- VCD cover art
- 射鵰英雄傳之九陰真經
- Genre: Wuxia
- Based on: The Legend of the Condor Heroes by Jin Yong
- Screenplay by: Wong Yuk-tak
- Directed by: Poon Ka-tak
- Starring: David Chiang; Fiona Leung; Julian Cheung;
- Opening theme: "Peach Blossoms in a Chaotic World" (亂世桃花) by George Lam and Sally Yeh
- Country of origin: Hong Kong
- Original language: Cantonese
- No. of episodes: 20

Production
- Producer: Poon Ka-tak
- Production location: Hong Kong
- Running time: ≈45 minutes per episode
- Production company: TVB

Original release
- Network: TVB Jade
- Release: 19 April – 14 May 1993

= The Mystery of the Condor Hero =

1993 Hong Kong TV series

The Mystery of the Condor Hero is a Hong Kong wuxia television series loosely adapted from the novel The Legend of the Condor Heroes by Jin Yong, serving as a backstory for the character Huang Yaoshi. The series was first broadcast on TVB Jade in Hong Kong in 1993.

== Synopsis ==
The series is set in 12th-century China against the backdrop of the wars between the Jin and Song empires. The Jiuyin Zhenjing, a highly coveted martial arts manual in the wulin, has been the target of various forces seeking to acquire it.

Feng Heng, a member of a shamanistic cult in the Jin Empire, is dragged into the power struggle as the manual is connected to the cult. By chance, she meets Huang Yaoshi, a formidable martial artist and polymath, and falls in love with him.

The manual ultimately ends up in the hands of Wang Chongyang, the founder of the Quanzhen Sect, after a martial arts contest on Mount Hua which saw Wang, Huang Yaoshi, Ouyang Feng, Hong Qigong, and Duan Zhixing emerging as the top five martial artists in the wulin.

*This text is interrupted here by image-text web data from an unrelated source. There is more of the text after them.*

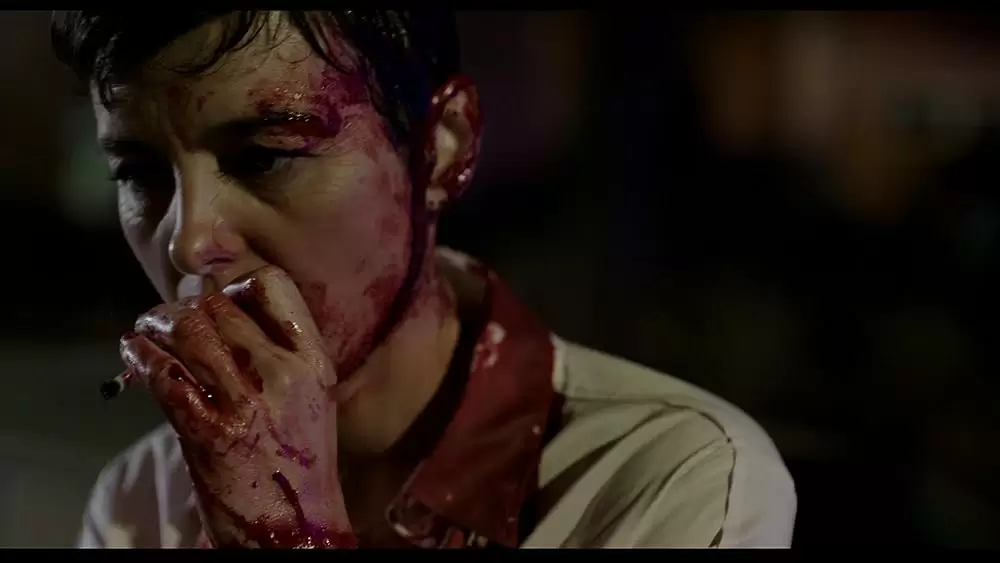 サボタージュの画像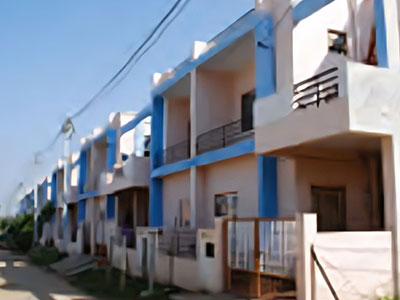 Shriram Colonizers & Developers Bhopal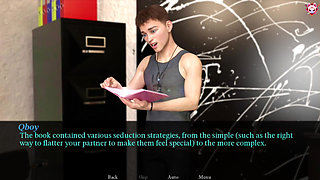 Gameplay of "sins of Lust" Demo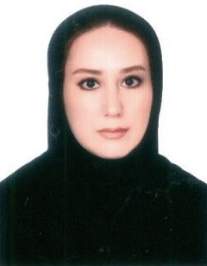 روشنک حمیدزاده خیاوی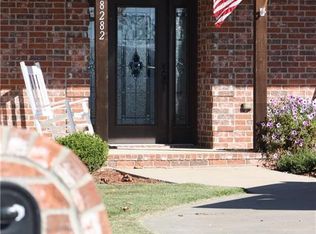18282 Pepper Hills Dr, Siloam Springs, AR 72761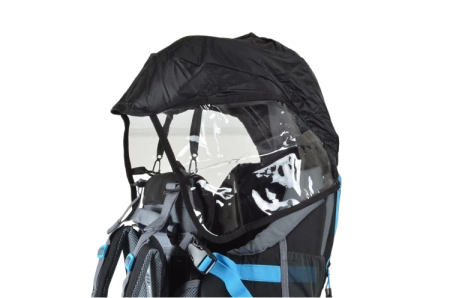 Dromader Wombat Nosidełko Turystyczne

At one point, Huang Yaoshi is poisoned while saving Feng Heng, who tricks Wang Chongyang's junior Zhou Botong into showing her the Jiuyin Zhenjing and letting her memorise it. Feng Heng then writes a copy of the manual from memory and uses it to help Huang heal himself. Ouyang Feng learns about it and comes to confront them.

Chen Xuanfeng, a former member of the Iron Palm Clan, has fallen out with the clan's chief Qiu Qianren as he disapproves of Qiu's unscrupulous attempts to seize the Jiuyin Zhenjing. Huang Yaoshi saves Chen from Qiu's attacks. Around the same time, Ouyang Feng's servant Mei Ruohua, who is initially hostile towards Chen, ends up getting into a romantic relationship with Chen. Along with Chen, Mei becomes an apprentice of Huang Yaoshi.

Ouyang Feng, after failing to seize the Jiuyin Zhenjing, coerces Mei Ruohua into pressuring Chen Xuanfeng to steal Huang Yaoshi's copy of the manual. Torn between his love for Mei and his loyalty to his master, Chen ultimately chooses to steal the manual and run away with Mei.